What is needed: Every line of the material needs an exact copy, apart from the images.

=== Begin Enclosure ===

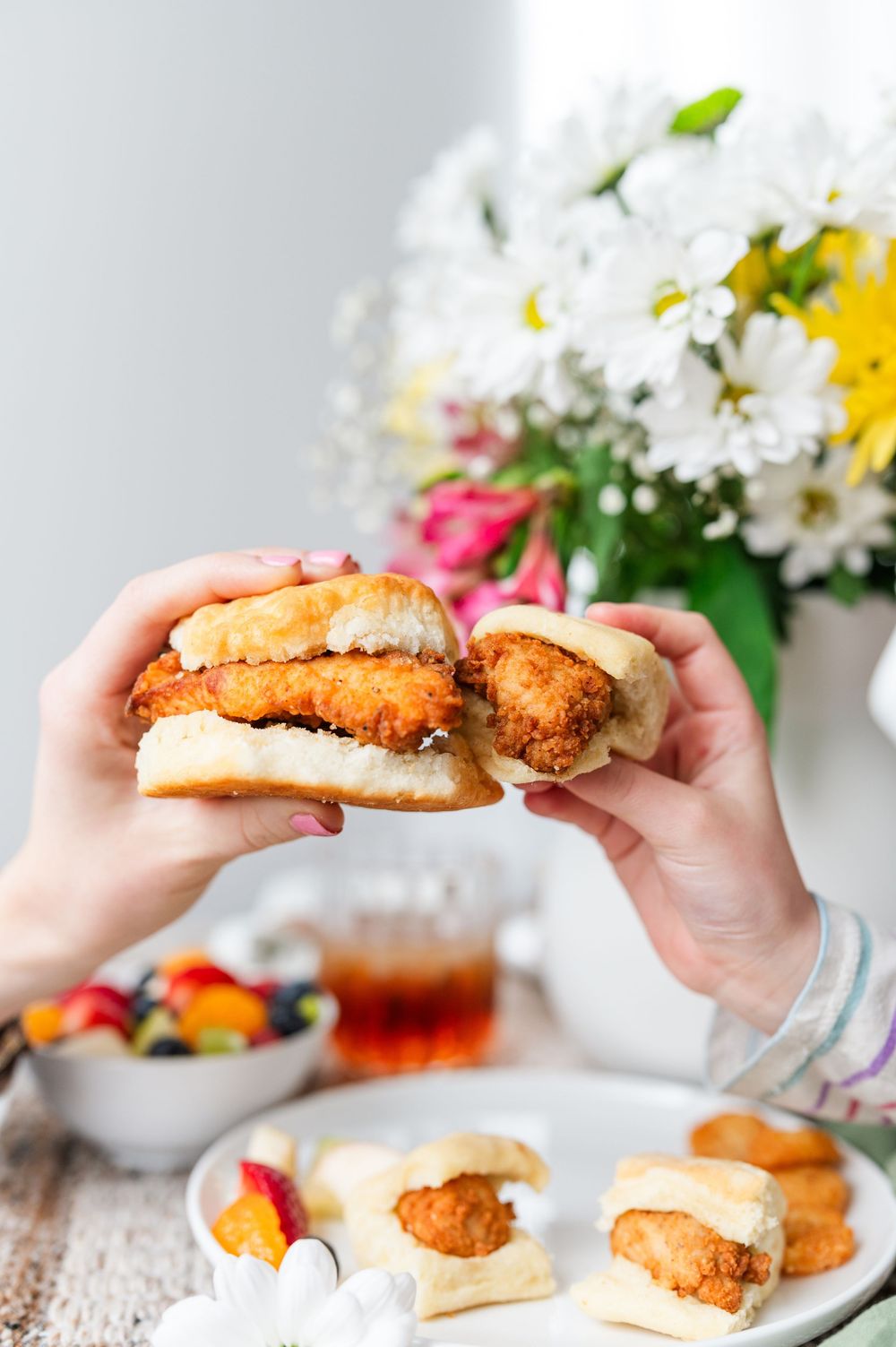Hands holding crispy chicken sandwiches with fresh flowers in background.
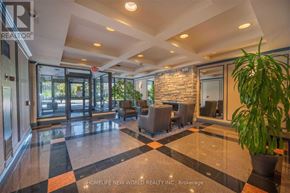Vaughan (Crestwood-Springfarm-Yorkhill) condo for rent - A lobby with a stone wall and a plant.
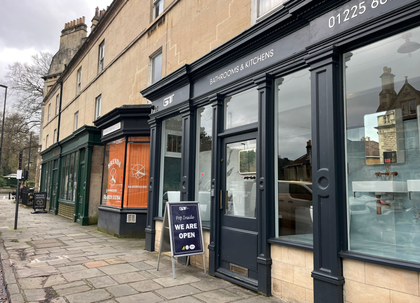 Exterior of a bathroom store with a dark facade, glass windows, and a display of bathroom fixtures.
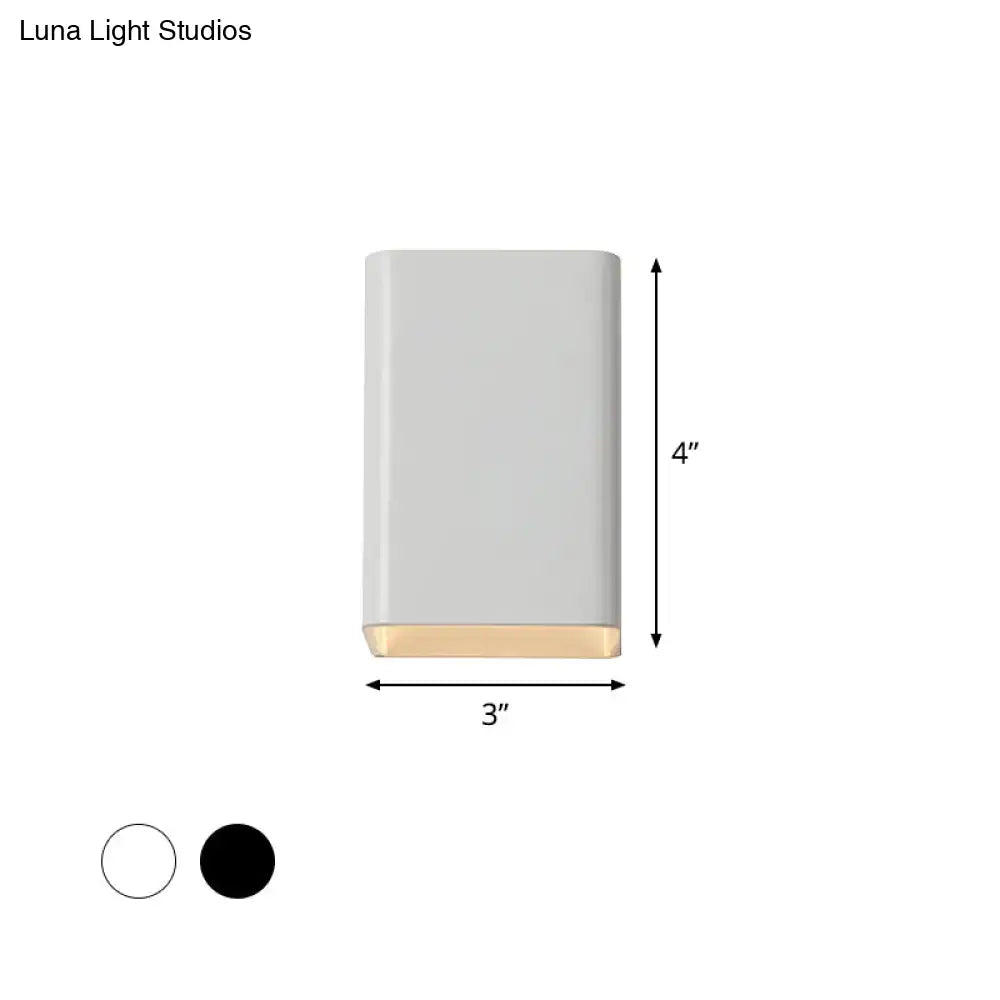 Minimalist wall lamp with a matte white cube shade and warm brass base designed as a sleek bedroom sconce
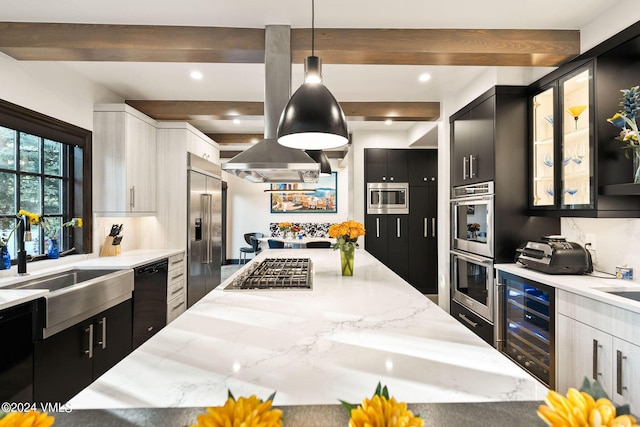 57 Mccoy Creek Dr Unit A, Edwards, CO 81632 - kitchen with wine cooler, built in appliances, beam ceiling, light stone counters, and dark cabinets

=== End Enclosure ===

Written solution:
Hands holding crispy chicken sandwiches with fresh flowers in background.
Vaughan (Crestwood-Springfarm-Yorkhill) condo for rent - A lobby with a stone wall and a plant.
 Exterior of a bathroom store with a dark facade, glass windows, and a display of bathroom fixtures.
 Minimalist wall lamp with a matte white cube shade and warm brass base designed as a sleek bedroom sconce
 57 Mccoy Creek Dr Unit A, Edwards, CO 81632 - kitchen with wine cooler, built in appliances, beam ceiling, light stone counters, and dark cabinets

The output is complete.